The news: It’s now okay to use the singular term ‘they’ in limited cases for people who don’t use gendered pronouns.
This is a big deal for people who see themselves as neither all-male nor all-female, but some of both. They call themselves "non-binary."
One speaker at a recent LGBT (lesbian, gay, bisexual, or transgender) youth leadership summit in St. Petersburg explained that it is annoying to continually be referred to by a pronoun that feels wrong.
“It’s not like you are verbally harassing me, right? It’s not like you’re trying to hurt my feelings or belittle me for who I am,” said Dan Merewether. “But it’s just like a mosquito bite. One’s fine. Two or three even is fine. But if you’re getting stung by 1,000 mosquitos all the time, you’re going to go mad.”
And those references in the media have been increasing in the past few years, as coverage of non-binary people and transgender issues become more common, said Kelly McBride of the Poynter Institute for Media Studies.
She said that until now, the AP has followed long-held grammar rules that ‘they,’ ‘them’ and ‘their’ are considered plural pronouns.
“But many people in the transgender community use those pronouns intentionally when referring to an individual because they don’t have a gender assignment, like ‘he’ and ‘she,’ ” McBride said. “Since these stories are becoming so common, a lot of writers have been doing this in their copy, but the AP until now has not allowed it.”
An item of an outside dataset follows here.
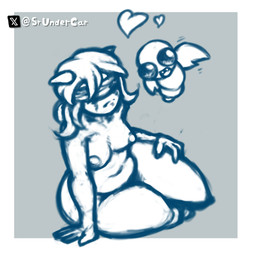 2_horns bandage bandaged_eye big_eyes blind breasts disability duo fangs female flying frown hair heart_symbol horn mouth_closed navel nipples nude open_mouth open_smile short_hair sitting slightly_chubby slightly_chubby_female smile teeth thick_thighs tongue wide_hips wings srundercar the_binding_of_isaac_(series) lilith_(tboi) succubus_(tboi) demon demon_humanoid horned_humanoid humanoid 1:1 absurd_res hi_res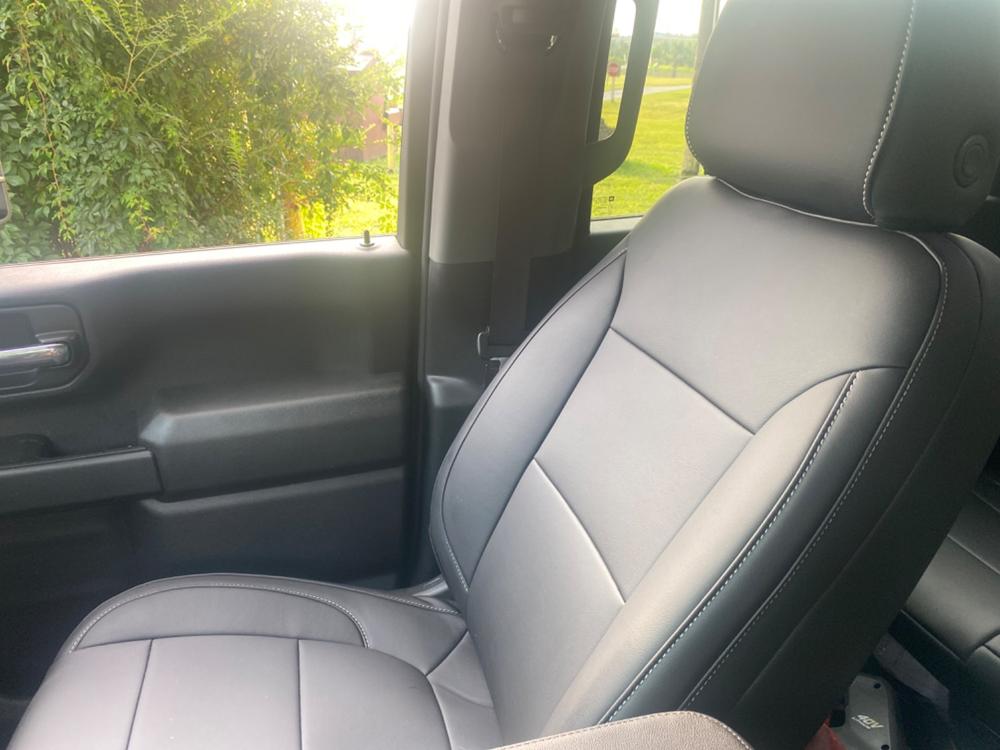 Chevy & GMC Heavy Duty - X-Factor Synthetic Leather Seat Covers - Customer Photo From hairon gil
The AP gets to make the decision because, in addition to being a global news gathering organizations, hundreds of newsrooms are members, paying to publish AP articles, McBride said. In order to make that system work, the AP's style manual has become a universal standard that governs everything from how and when to abbreviate the names of states to use of a hyphen.
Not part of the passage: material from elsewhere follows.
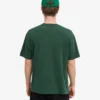 Camiseta orgánica de corte holgado - Verde esmeralda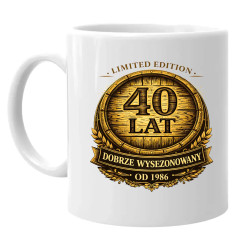 Limited edition 40 lat - dobrze wysezonowany - od 1986 - kubek na prezent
“AP’s style rules aren’t just about being politically correct or labeling people. They’re really meant to make the language useful and helpful. It’s all about communicating clearly and that’s the AP’s first goal,” McBride said. “But they also want to do it in a way that is sensitive to the people who are the subjects of our news stories.”
Many organizations have been making changes on a case-by-case basis, and the AP style gurus already had conceded in 2013 that it was appropriate to use the gendered pronoun preferred by the individual. For example, when Bruce Jenner transitioned to Caitlyn Jenner, media stories starting referring to Jenner as ‘she,’ as she requested.